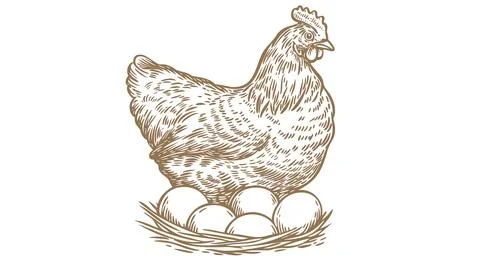Chicken, hen with nest, eggs Stock-Illustration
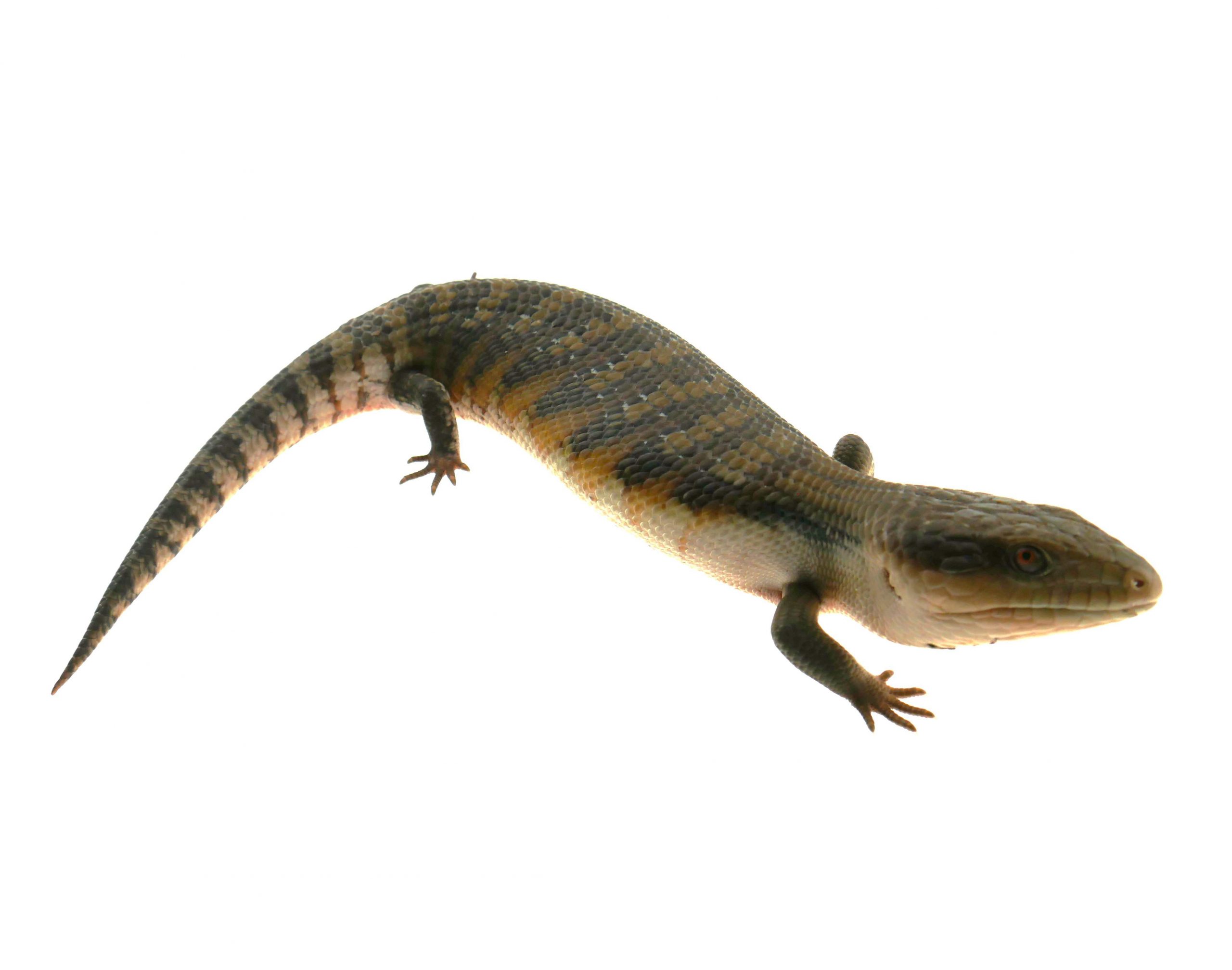 Nördlicher Blauzungenskink / Tiliqua scincoides intermedia (0.0.1) NZ2026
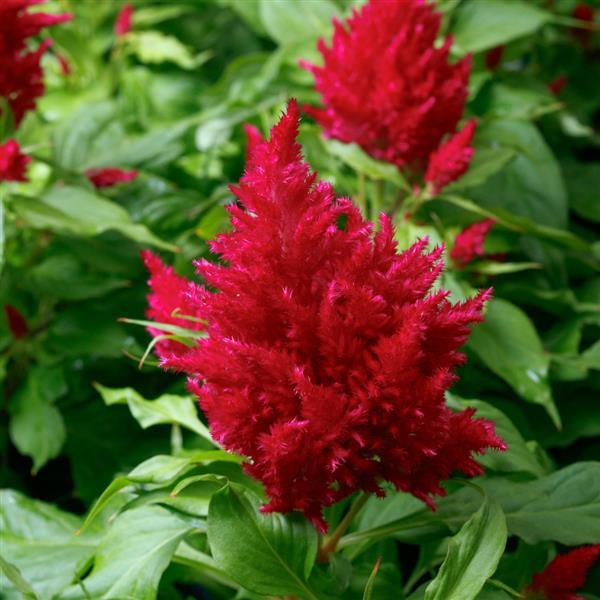 Flamma Rose Celosia - Bloom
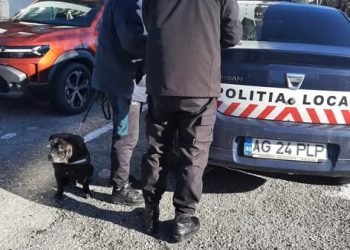 Controale ale Poliției Locale Pitești în parcuri: sancțiuni pentru proprietarii care nu strâng după câini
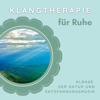 Klangtherapie für Ruhe - Waldbaden zu Hause mit Klänge der Natur und Entspannungsmusik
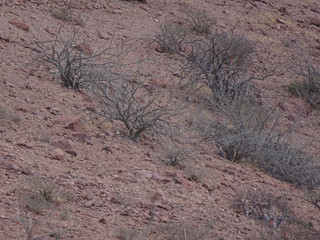40200662980_6a895d4e0d_n.jpg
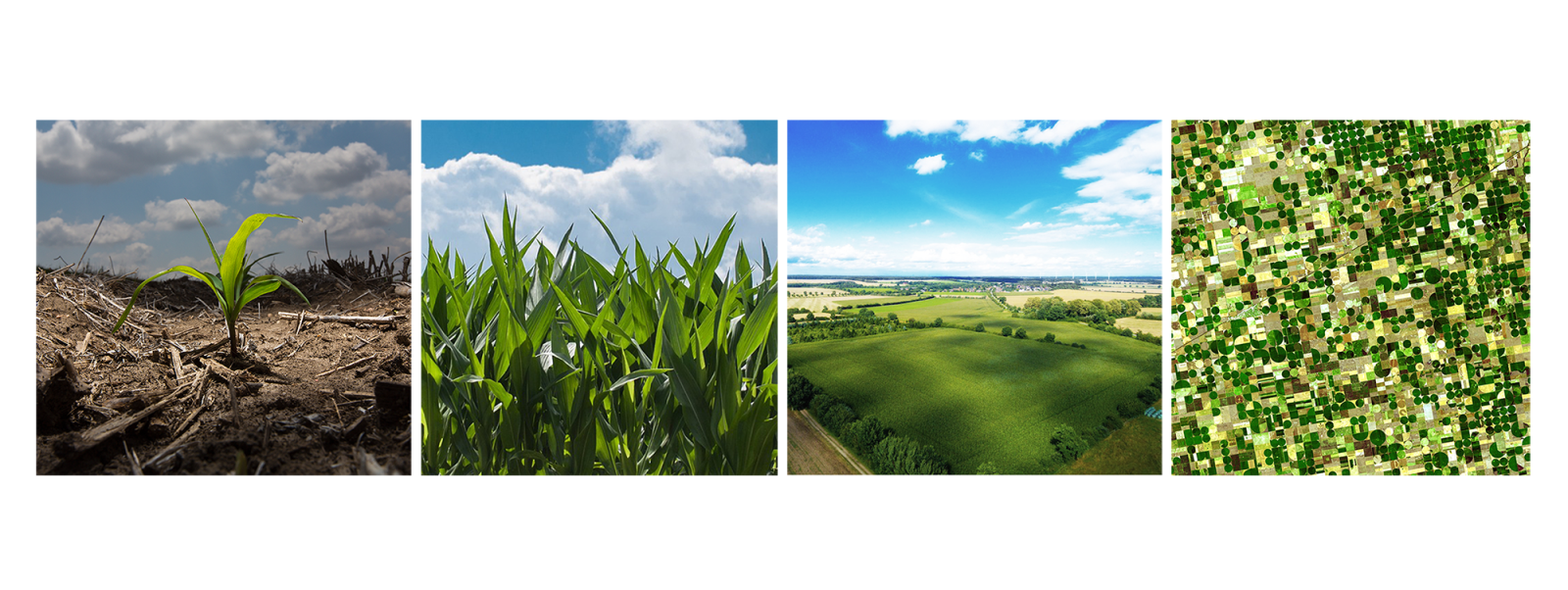 series of photos displaying scale: from plant, to field, to a group of fields, to an agricultural landscape
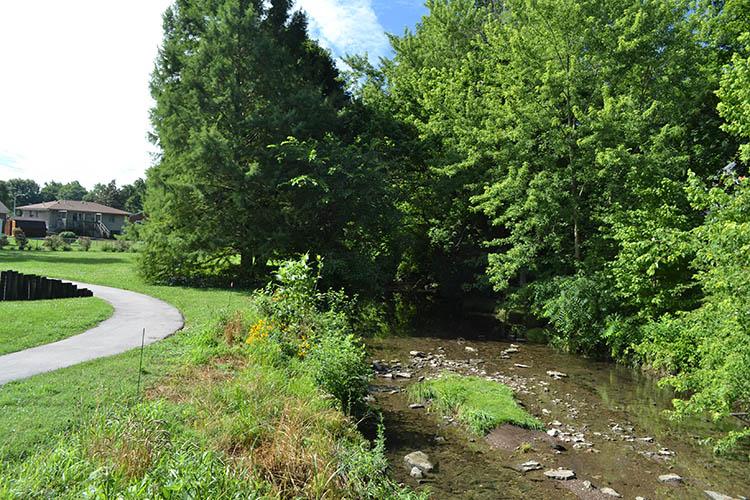 Wolf Run Creek in Gardenside Park, Lexington, Ky.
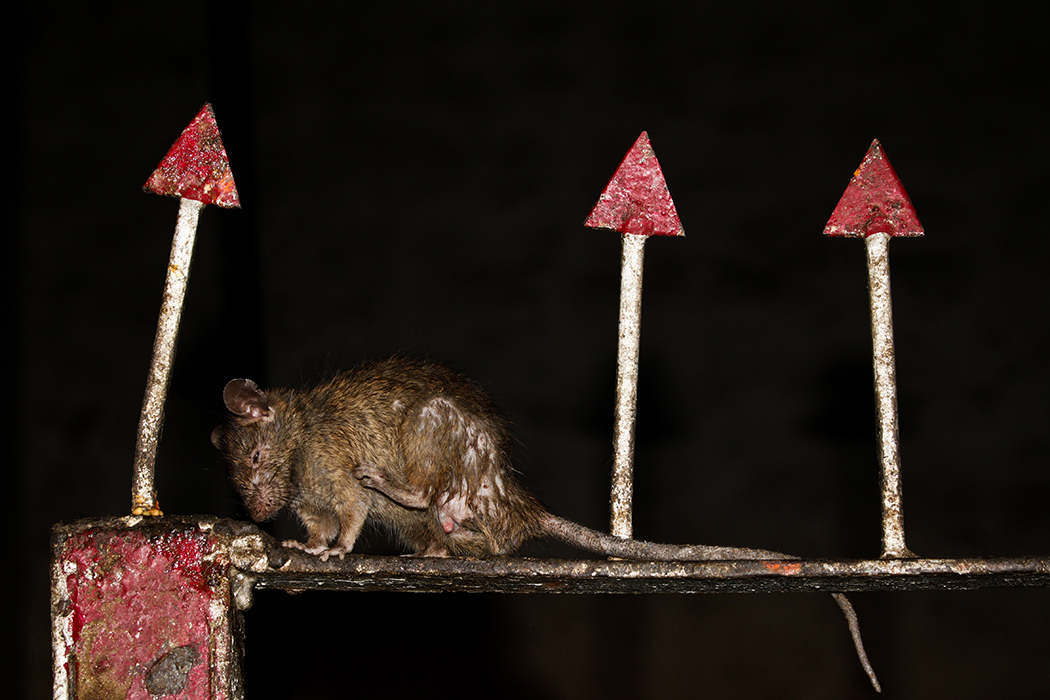 Face de rat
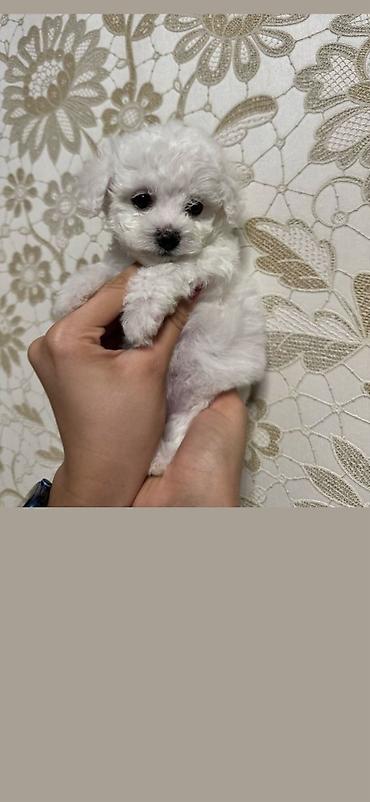 İtlər: Pudel, 2 ay, Erkek, Ödənişli çatdırılma — 21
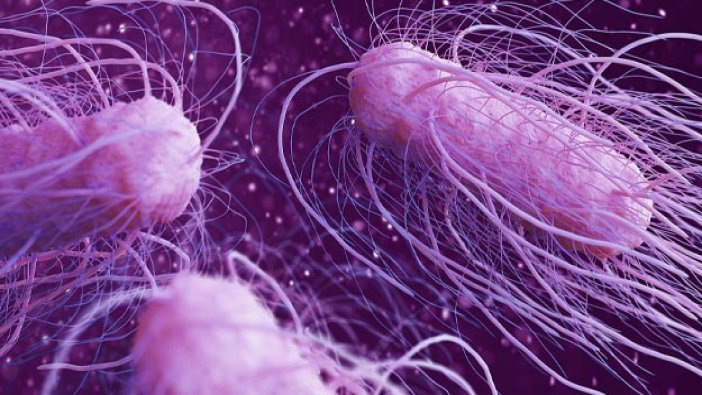 Salmonella nedir? Salmonella bakterisi nasıl bulaşır? Salmonella tedavisi nasıl yapılır?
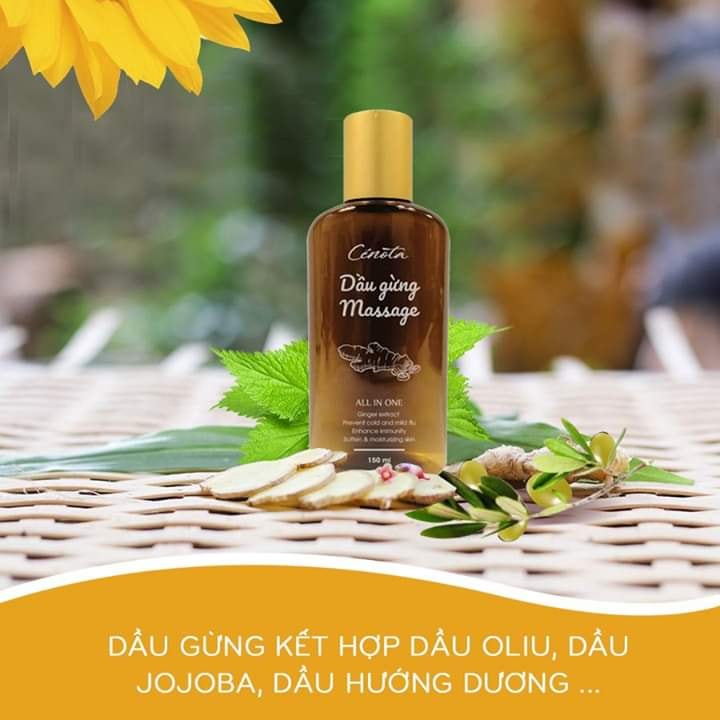 Dầu gừng Massage Cenota 150ml Giảm đau Chống Cảm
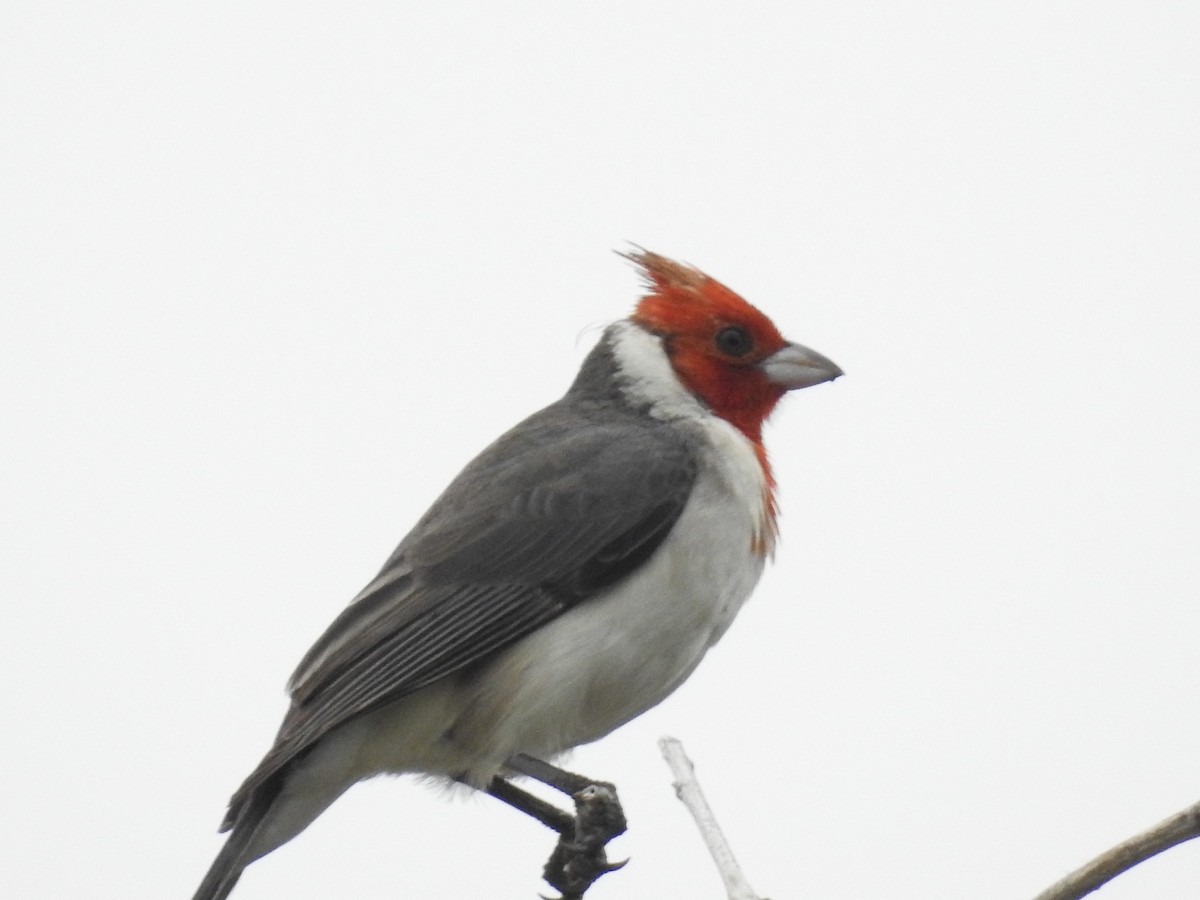 Red-crested Cardinal - ML609285390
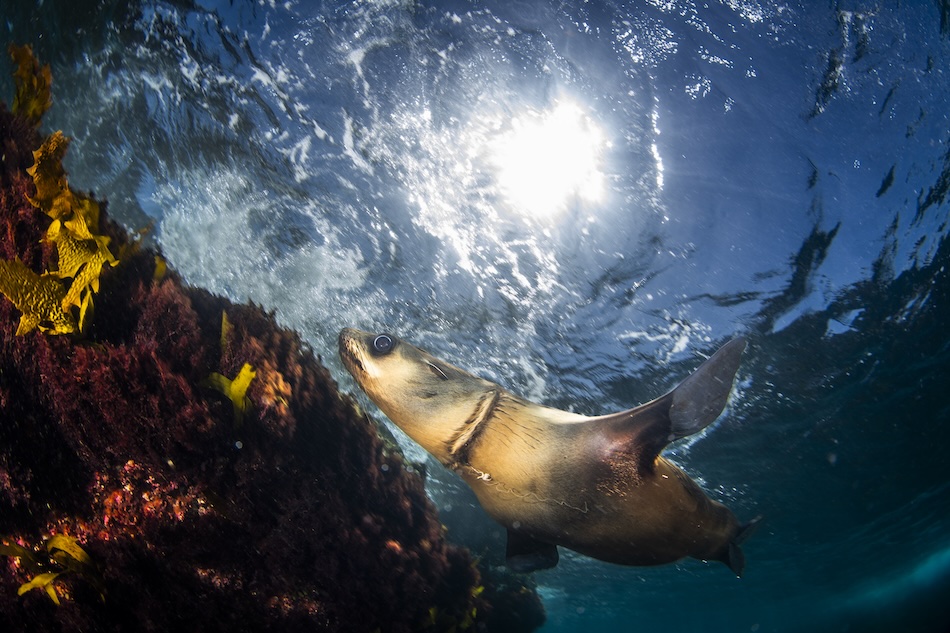 BRONZE Impact Pollution Daniel Sly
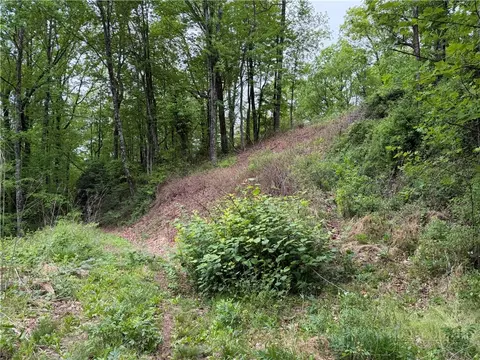 tbd Globe Rd, Lenoir, NC 28645 photo 45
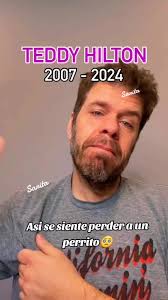 Perez Hilton Teddy Melcamp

:: WORK INSTRUCTION ::
Print only the lines from the first line of the data above through the one containing "Klangtherapie für Ruhe", exactly as they are, with pictures omitted.

:: PROBLEM SOLUTION ::
Chicken, hen with nest, eggs Stock-Illustration
 Nördlicher Blauzungenskink / Tiliqua scincoides intermedia (0.0.1) NZ2026
 Flamma Rose Celosia - Bloom
 Controale ale Poliției Locale Pitești în parcuri: sancțiuni pentru proprietarii care nu strâng după câini
 Klangtherapie für Ruhe - Waldbaden zu Hause mit Klänge der Natur und Entspannungsmusik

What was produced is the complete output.